Sono idee di marketing, in fondo. In queste poche pagine Grasset spiega, meglio di quanto facciano certi ponderosi saggi destinati agli studenti che post lauream si specializzano in Editoria, come si costruisce un «avvenimento» (oggi si direbbe «evento») e come si procede al «lancio» di opera e autore dell'opera. Intanto, andava reso chiaro che il possesso, l'esposizione e perfino l'ostentazione dei libri erano (e lo sono ancora oggi, anche se in modo diverso, appiattito sulle modalità social) l'espressione di uno status, allora ascrivibile a classi desiderose di ascesa sociale, e dunque snob. Già in quegli anni, il cinismo come arma di conquista poteva funzionare. Al lancio di un'opera, secondo Grasset, giova molto «che essa sia edita in una collana ricercata, che l'autore abbia sedici anni o sia sordomuto, oppure infine che sia in costante litigio con la moglie». Ecco allora che all'abbrivio di Raymond Radiguet e del suo Il diavolo in corpo (1921) contribuì anche la giovane età dell'autore.
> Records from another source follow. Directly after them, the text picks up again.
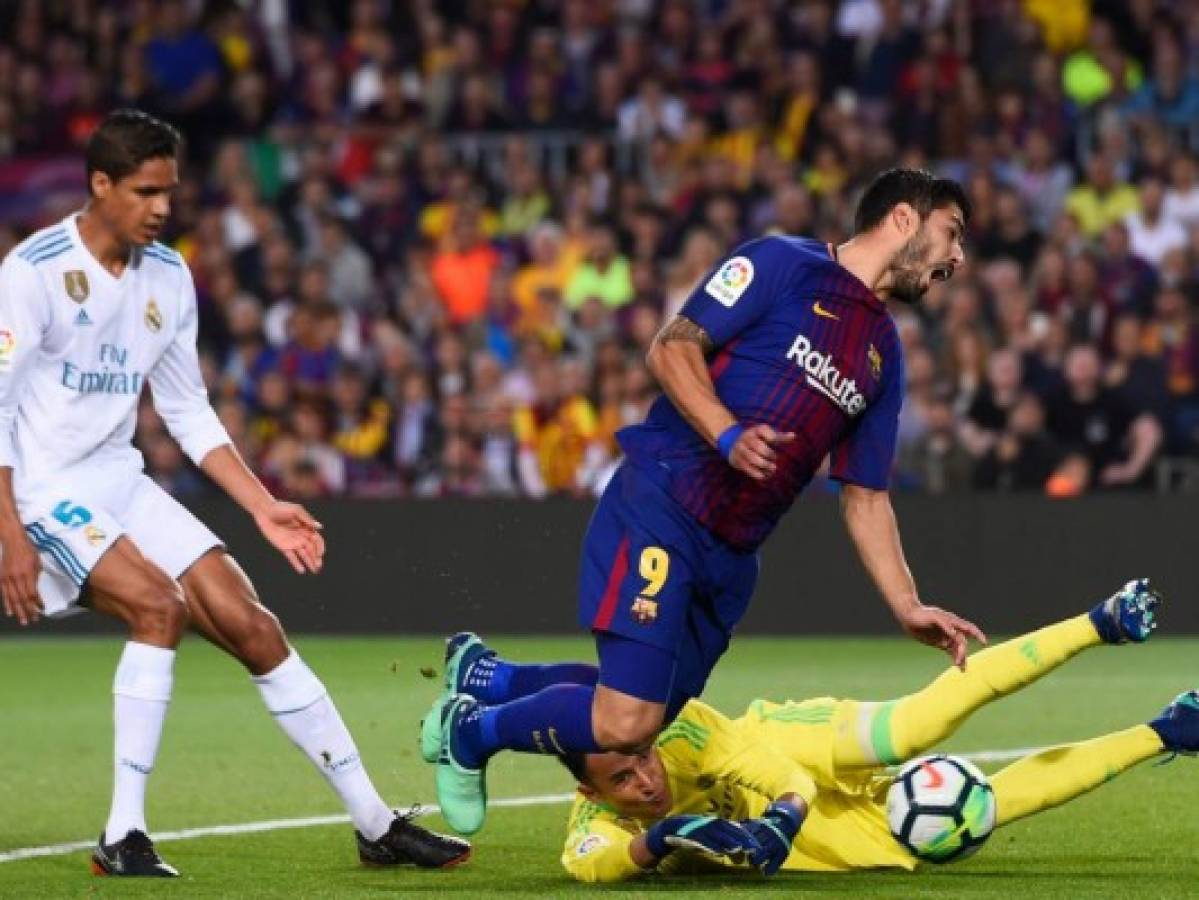 Barcelona y Real Madrid empatan 2-2 en el clásico de España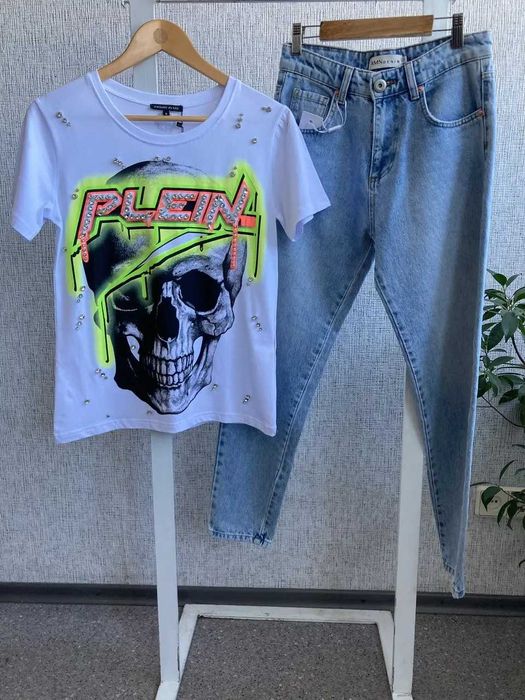 Жіночі блакитні джинси AMN Туреччина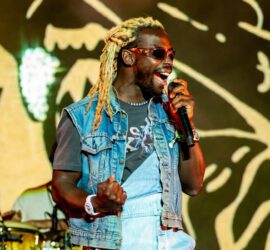 Black Pumas perform at the Pitchfork Music Festival in Chicago on July 19, 2024.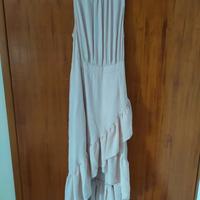 Vestito da donna rosa cipria Made in Italy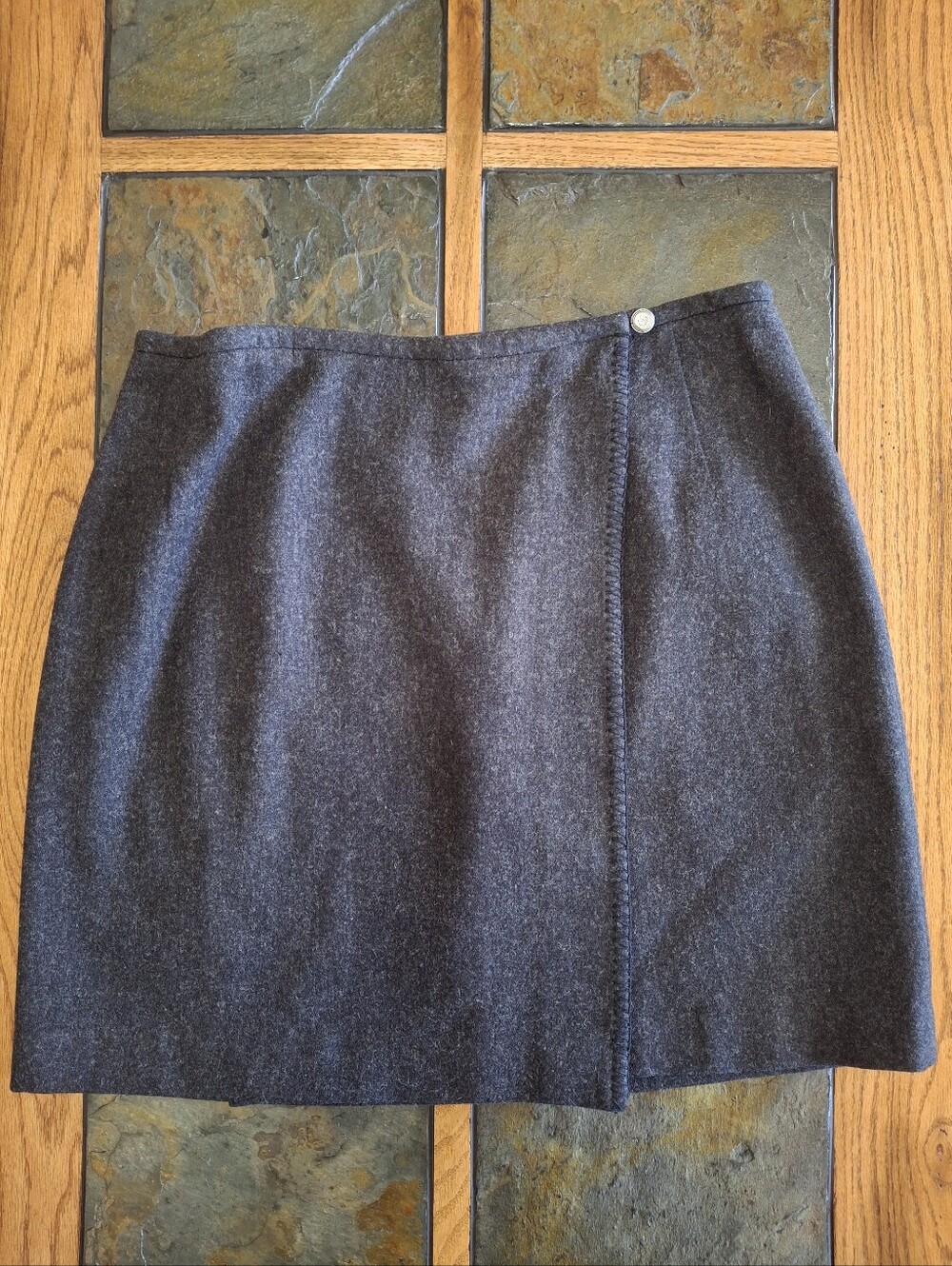 Vintage Eddie Bauer Charcoal Gray Wool Skirt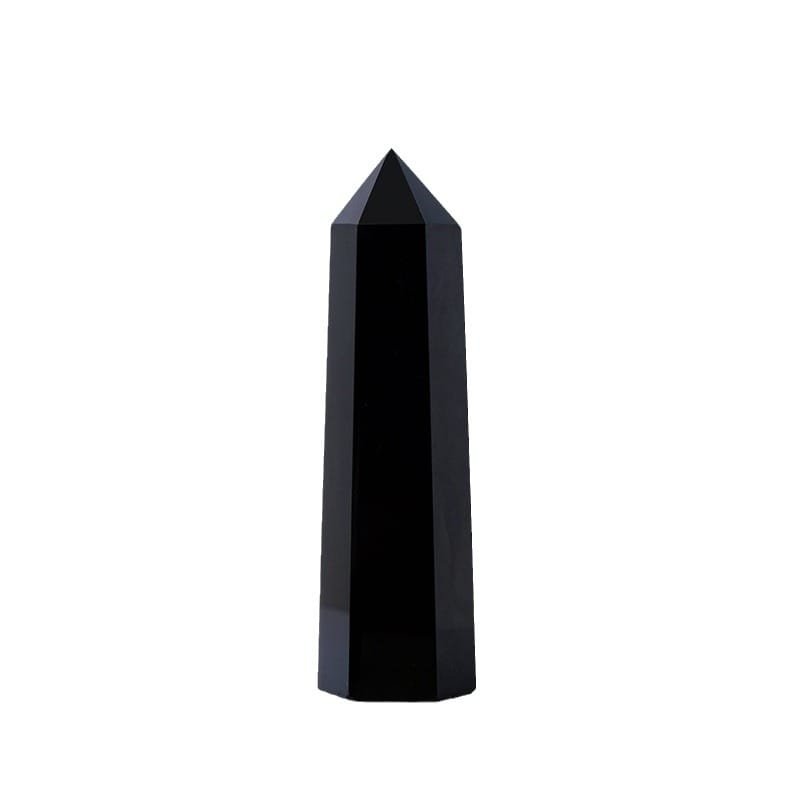 5 Sizes of Black Obsidian Crystal Tower Wholesale - 7.48 in(19 cm)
Altra fondamentale intuizione di Grasset: non esiste pubblicità negativa. Quando, nonostante il sostegno di Jean Cocteau, la critica levò scudi di perplessità sul fatto che un adolescente potesse saper scrivere un romanzo, l'editore rispose comprando spazi per sostenere che Radiguet aveva già raggiunto la gloria, il che in parte era vero: il pubblico notò le inserzioni pubblicitarie più di quanto avesse letto le stroncature. La cronaca conta più del valore intrinseco di un lavoro. Si può forse dire che Grasset abbia costruito un sistema. Il trucco funzionava, e funzionò con Marcel Jouhandeau e il suo inquieto matrimonio. Per André Mauriac ci volle invece un lavoro di anni. In effetti oggi le biografie dei principali autori sono in genere poco avvincenti, se non burocratiche. Costoro perlopiù passano il tempo a cena con degli assessori o a pranzo coi funzionari editoriali, anch'essi dalle vite irrimediabilmente piatte. Perciò si arranca alla ricerca del fenomeno, del malato terminale, perfino del già deceduto (è possibile che neppure gli eredi si siano accorti di lui e che non si palesino neppure a rivendicare i diritti).

Non diciamo (leggetelo) che cosa sostiene Grasset dei premi letterari e di come

sfruttarli. Niente a che fare con la qualità, comunque, e gli editori sono i primi a saperlo. Oggi più che mai, quando anche i loro esili guizzi di mondanità si spengono come candeline nell'alito stantio delle piccole beghe.